Showing posts with label pricing. Show all posts
Showing posts with label pricing. Show all posts

Some Thoughts About eBook Pricing - and Guilty Lending.





The other night, in one of my frequent sleepless spells (my mind doesn't seem to take any notice of my body's manifest need for sleep, these days) I found myself thinking about the price of eBooks. Most writers who are publishing their backlists or their own new 'inventory' tend to go for the cheaper option, keeping the price around the £2.00 mark or less. Much less, in the case of small collections of stories, for example, which generally sell at 80 - 90p. 
I've heard various pronouncements from conventional publishers on this score, most of them attempting to justify their prices for downloads which are generally much closer to the prices charged for 'paper' books. 

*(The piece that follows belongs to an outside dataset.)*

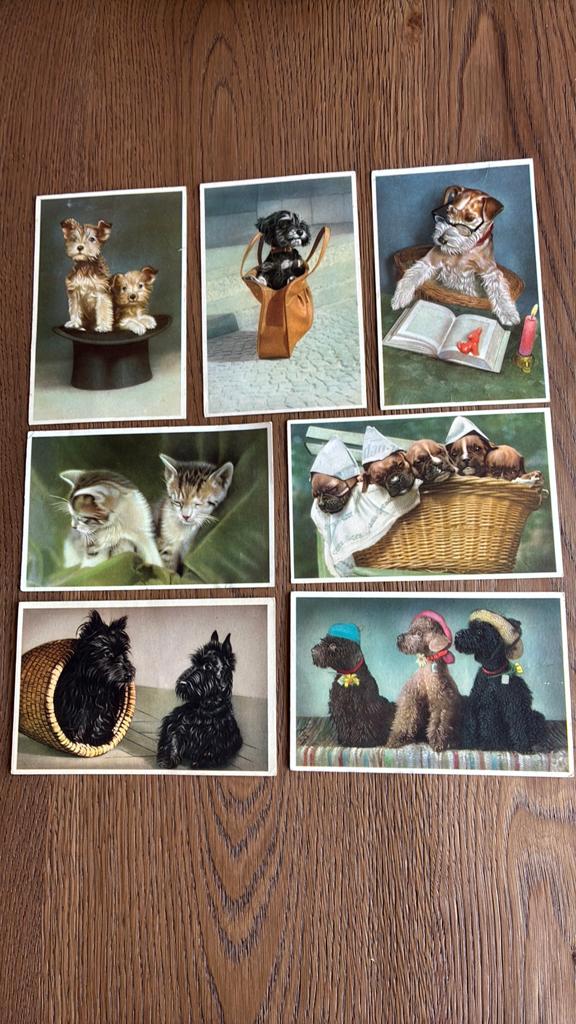 7 Fantasie Dieren. 6 x hond en 1x katten, Ophalen of Verzenden, Overige thema's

But no matter how good the cause, there is an optimum price beyond which people - especially young people, who are in the habit of downloading music and games - are reluctant to go. In fact there is some evidence from the overall download industry, that reasonably low priced downloads tend to curb piracy. Illegal downloads are and will increasingly become a problem, but all the same, current evidence suggests that the majority of people are law-abiding - at a price! It may not say much for public morality, but it's a fact that if people can download cheaply and legally, that's what most of them will do. 
I've heard publishers and even writers justifying their higher download prices by talking about 'payment for content' and it's a reasonable point to make. 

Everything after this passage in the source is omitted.